▶ EXERCISE DESCRIPTION
Without skipping any entry, transcribe the data word for word.

▶ PROVIDED INFORMATION
+ + + + + + +

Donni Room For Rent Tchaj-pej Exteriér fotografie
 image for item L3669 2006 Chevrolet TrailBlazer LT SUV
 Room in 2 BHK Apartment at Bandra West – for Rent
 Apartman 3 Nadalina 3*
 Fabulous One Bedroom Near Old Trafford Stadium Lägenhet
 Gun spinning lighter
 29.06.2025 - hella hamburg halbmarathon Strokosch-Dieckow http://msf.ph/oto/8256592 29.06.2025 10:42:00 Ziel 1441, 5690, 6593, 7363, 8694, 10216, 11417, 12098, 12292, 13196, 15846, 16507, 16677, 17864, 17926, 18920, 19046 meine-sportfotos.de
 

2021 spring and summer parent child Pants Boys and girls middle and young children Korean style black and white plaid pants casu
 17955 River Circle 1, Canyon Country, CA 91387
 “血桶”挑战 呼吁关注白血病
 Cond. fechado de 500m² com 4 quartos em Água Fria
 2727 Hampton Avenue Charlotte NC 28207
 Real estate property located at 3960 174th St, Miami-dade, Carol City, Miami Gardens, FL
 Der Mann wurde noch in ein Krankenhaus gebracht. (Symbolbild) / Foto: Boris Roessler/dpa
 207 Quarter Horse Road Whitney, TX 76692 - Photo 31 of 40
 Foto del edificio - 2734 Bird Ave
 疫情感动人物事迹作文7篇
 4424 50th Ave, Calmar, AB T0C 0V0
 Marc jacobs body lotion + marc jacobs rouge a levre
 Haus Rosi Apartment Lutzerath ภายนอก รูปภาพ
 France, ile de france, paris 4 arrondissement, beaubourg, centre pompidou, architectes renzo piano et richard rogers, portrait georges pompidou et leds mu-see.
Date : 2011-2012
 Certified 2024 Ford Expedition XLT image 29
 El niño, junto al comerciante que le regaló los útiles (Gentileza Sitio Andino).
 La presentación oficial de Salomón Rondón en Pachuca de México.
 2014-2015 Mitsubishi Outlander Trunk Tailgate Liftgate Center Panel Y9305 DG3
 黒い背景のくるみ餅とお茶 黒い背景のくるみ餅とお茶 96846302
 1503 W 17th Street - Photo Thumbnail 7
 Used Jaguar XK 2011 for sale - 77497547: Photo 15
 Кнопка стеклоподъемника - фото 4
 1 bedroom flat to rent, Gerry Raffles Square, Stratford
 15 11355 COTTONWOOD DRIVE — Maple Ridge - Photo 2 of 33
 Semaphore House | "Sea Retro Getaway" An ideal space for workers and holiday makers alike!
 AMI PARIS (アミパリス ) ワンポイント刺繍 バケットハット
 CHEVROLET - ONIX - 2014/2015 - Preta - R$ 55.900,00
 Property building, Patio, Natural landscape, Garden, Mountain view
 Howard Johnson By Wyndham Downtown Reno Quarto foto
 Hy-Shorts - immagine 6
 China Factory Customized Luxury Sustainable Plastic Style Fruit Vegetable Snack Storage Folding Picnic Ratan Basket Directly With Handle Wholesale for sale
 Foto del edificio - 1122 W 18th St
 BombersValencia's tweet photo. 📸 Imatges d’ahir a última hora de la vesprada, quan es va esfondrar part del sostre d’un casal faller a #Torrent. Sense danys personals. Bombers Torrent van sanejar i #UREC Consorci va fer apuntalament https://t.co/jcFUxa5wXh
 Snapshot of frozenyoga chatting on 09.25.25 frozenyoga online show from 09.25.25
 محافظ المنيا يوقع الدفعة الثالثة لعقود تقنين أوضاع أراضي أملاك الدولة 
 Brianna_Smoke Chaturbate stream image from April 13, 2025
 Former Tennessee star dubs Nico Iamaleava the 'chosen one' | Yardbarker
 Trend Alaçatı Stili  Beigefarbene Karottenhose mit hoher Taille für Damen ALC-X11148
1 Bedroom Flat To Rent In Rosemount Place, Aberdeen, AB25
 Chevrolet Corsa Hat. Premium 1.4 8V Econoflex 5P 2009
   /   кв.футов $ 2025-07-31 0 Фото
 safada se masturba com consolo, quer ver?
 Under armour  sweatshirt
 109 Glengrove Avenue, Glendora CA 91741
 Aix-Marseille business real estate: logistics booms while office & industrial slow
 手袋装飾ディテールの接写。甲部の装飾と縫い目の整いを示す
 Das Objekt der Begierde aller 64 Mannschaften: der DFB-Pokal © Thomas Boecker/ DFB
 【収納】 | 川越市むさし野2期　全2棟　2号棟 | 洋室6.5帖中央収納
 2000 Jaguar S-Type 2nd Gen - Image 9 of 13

+ + + + + + +

▶ TASK RESPONSE
Donni Room For Rent Tchaj-pej Exteriér fotografie
 image for item L3669 2006 Chevrolet TrailBlazer LT SUV
 Room in 2 BHK Apartment at Bandra West – for Rent
 Apartman 3 Nadalina 3*
 Fabulous One Bedroom Near Old Trafford Stadium Lägenhet
 Gun spinning lighter
 29.06.2025 - hella hamburg halbmarathon Strokosch-Dieckow http://msf.ph/oto/8256592 29.06.2025 10:42:00 Ziel 1441, 5690, 6593, 7363, 8694, 10216, 11417, 12098, 12292, 13196, 15846, 16507, 16677, 17864, 17926, 18920, 19046 meine-sportfotos.de
 

2021 spring and summer parent child Pants Boys and girls middle and young children Korean style black and white plaid pants casu
 17955 River Circle 1, Canyon Country, CA 91387
 “血桶”挑战 呼吁关注白血病
 Cond. fechado de 500m² com 4 quartos em Água Fria
 2727 Hampton Avenue Charlotte NC 28207
 Real estate property located at 3960 174th St, Miami-dade, Carol City, Miami Gardens, FL
 Der Mann wurde noch in ein Krankenhaus gebracht. (Symbolbild) / Foto: Boris Roessler/dpa
 207 Quarter Horse Road Whitney, TX 76692 - Photo 31 of 40
 Foto del edificio - 2734 Bird Ave
 疫情感动人物事迹作文7篇
 4424 50th Ave, Calmar, AB T0C 0V0
 Marc jacobs body lotion + marc jacobs rouge a levre
 Haus Rosi Apartment Lutzerath ภายนอก รูปภาพ
 France, ile de france, paris 4 arrondissement, beaubourg, centre pompidou, architectes renzo piano et richard rogers, portrait georges pompidou et leds mu-see.
Date : 2011-2012
 Certified 2024 Ford Expedition XLT image 29
 El niño, junto al comerciante que le regaló los útiles (Gentileza Sitio Andino).
 La presentación oficial de Salomón Rondón en Pachuca de México.
 2014-2015 Mitsubishi Outlander Trunk Tailgate Liftgate Center Panel Y9305 DG3
 黒い背景のくるみ餅とお茶 黒い背景のくるみ餅とお茶 96846302
 1503 W 17th Street - Photo Thumbnail 7
 Used Jaguar XK 2011 for sale - 77497547: Photo 15
 Кнопка стеклоподъемника - фото 4
 1 bedroom flat to rent, Gerry Raffles Square, Stratford
 15 11355 COTTONWOOD DRIVE — Maple Ridge - Photo 2 of 33
 Semaphore House | "Sea Retro Getaway" An ideal space for workers and holiday makers alike!
 AMI PARIS (アミパリス ) ワンポイント刺繍 バケットハット
 CHEVROLET - ONIX - 2014/2015 - Preta - R$ 55.900,00
 Property building, Patio, Natural landscape, Garden, Mountain view
 Howard Johnson By Wyndham Downtown Reno Quarto foto
 Hy-Shorts - immagine 6
 China Factory Customized Luxury Sustainable Plastic Style Fruit Vegetable Snack Storage Folding Picnic Ratan Basket Directly With Handle Wholesale for sale
 Foto del edificio - 1122 W 18th St
 BombersValencia's tweet photo. 📸 Imatges d’ahir a última hora de la vesprada, quan es va esfondrar part del sostre d’un casal faller a #Torrent. Sense danys personals. Bombers Torrent van sanejar i #UREC Consorci va fer apuntalament https://t.co/jcFUxa5wXh
 Snapshot of frozenyoga chatting on 09.25.25 frozenyoga online show from 09.25.25
 محافظ المنيا يوقع الدفعة الثالثة لعقود تقنين أوضاع أراضي أملاك الدولة 
 Brianna_Smoke Chaturbate stream image from April 13, 2025
 Former Tennessee star dubs Nico Iamaleava the 'chosen one' | Yardbarker
 Trend Alaçatı Stili  Beigefarbene Karottenhose mit hoher Taille für Damen ALC-X11148
1 Bedroom Flat To Rent In Rosemount Place, Aberdeen, AB25
 Chevrolet Corsa Hat. Premium 1.4 8V Econoflex 5P 2009
   /   кв.футов $ 2025-07-31 0 Фото
 safada se masturba com consolo, quer ver?
 Under armour  sweatshirt
 109 Glengrove Avenue, Glendora CA 91741
 Aix-Marseille business real estate: logistics booms while office & industrial slow
 手袋装飾ディテールの接写。甲部の装飾と縫い目の整いを示す
 Das Objekt der Begierde aller 64 Mannschaften: der DFB-Pokal © Thomas Boecker/ DFB
 【収納】 | 川越市むさし野2期　全2棟　2号棟 | 洋室6.5帖中央収納
 2000 Jaguar S-Type 2nd Gen - Image 9 of 13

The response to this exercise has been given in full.